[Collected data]
========================================
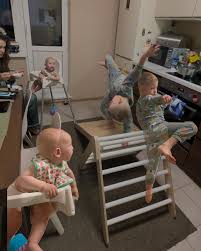 голые маленькие дети|Маленькие Дети, Сидя На Деревянный Пирс В Воде И Наслаждаясь Летний День.  Голые Ноги Мальчик И Девочка. Отпуск У Моря. На Открытом Воздухе. Братьев И  Сестер. Сестра И Брат У Океана. Фотография,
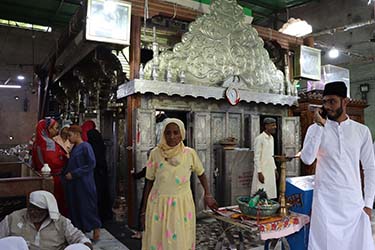 Dargah Facilities - Syedalimeeradatar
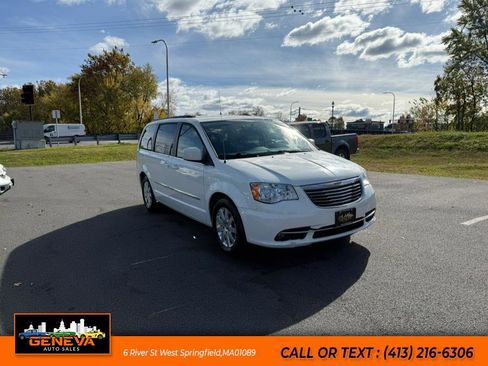 Used 2013 Chrysler Town & Country Touring image 3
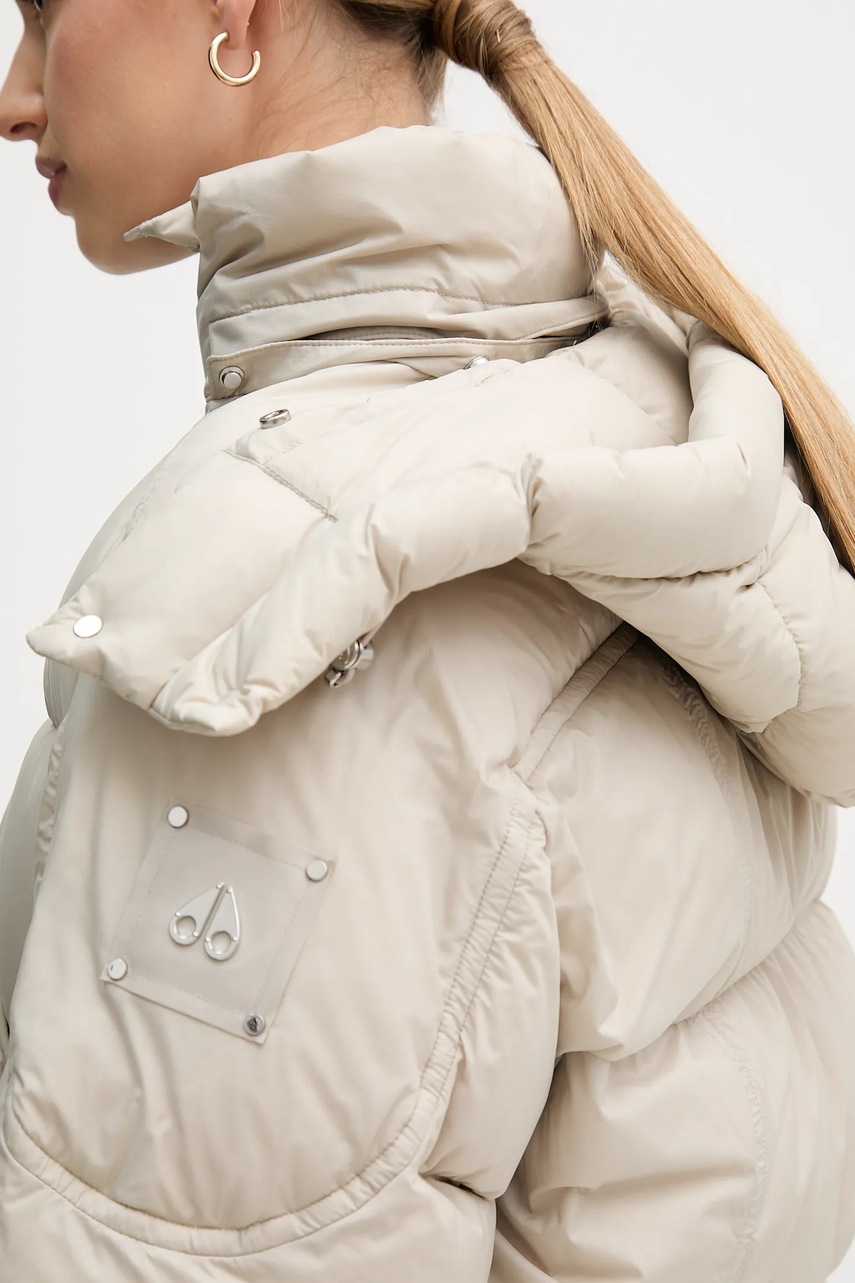 Μπουφάν με επένδυση από πούπουλα MOOSE KNUCKLES Akai χρώμα: μπεζ, M35LJ130 φωτογραφία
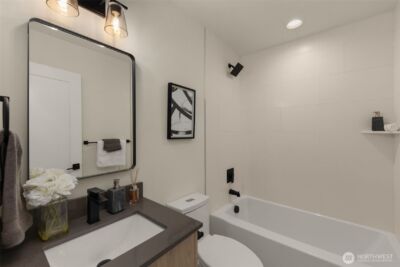 10306 E Midvale Avenue N, Seattle, WA 98133 - Photo 17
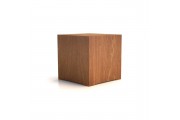 Seduta a forma di cubo in legno massiccio
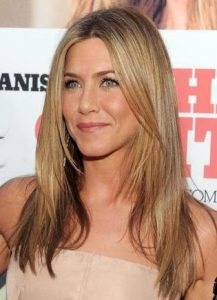 isia mallia, choristra sti mesi jennifer aniston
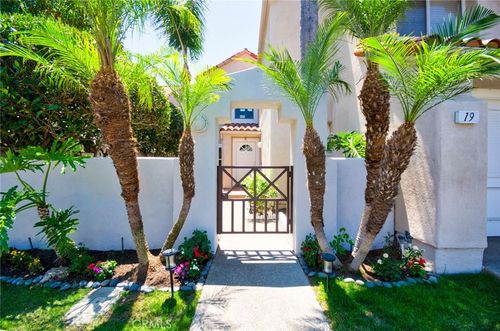 19 Las Cruces, Irvine, CA, 92614-5301 | Card Image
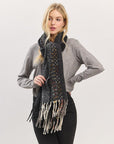 TUFTED LINES SCARF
========================================
## WHAT YOU ARE ASKED TO DO
Set all of the records down once more, letter for letter, with the images removed.

## ANSWER SPACE
 голые маленькие дети|Маленькие Дети, Сидя На Деревянный Пирс В Воде И Наслаждаясь Летний День.  Голые Ноги Мальчик И Девочка. Отпуск У Моря. На Открытом Воздухе. Братьев И  Сестер. Сестра И Брат У Океана. Фотография,
 Dargah Facilities - Syedalimeeradatar
 Used 2013 Chrysler Town & Country Touring image 3
 Μπουφάν με επένδυση από πούπουλα MOOSE KNUCKLES Akai χρώμα: μπεζ, M35LJ130 φωτογραφία
 10306 E Midvale Avenue N, Seattle, WA 98133 - Photo 17
 Seduta a forma di cubo in legno massiccio
 isia mallia, choristra sti mesi jennifer aniston
 19 Las Cruces, Irvine, CA, 92614-5301 | Card Image
 TUFTED LINES SCARF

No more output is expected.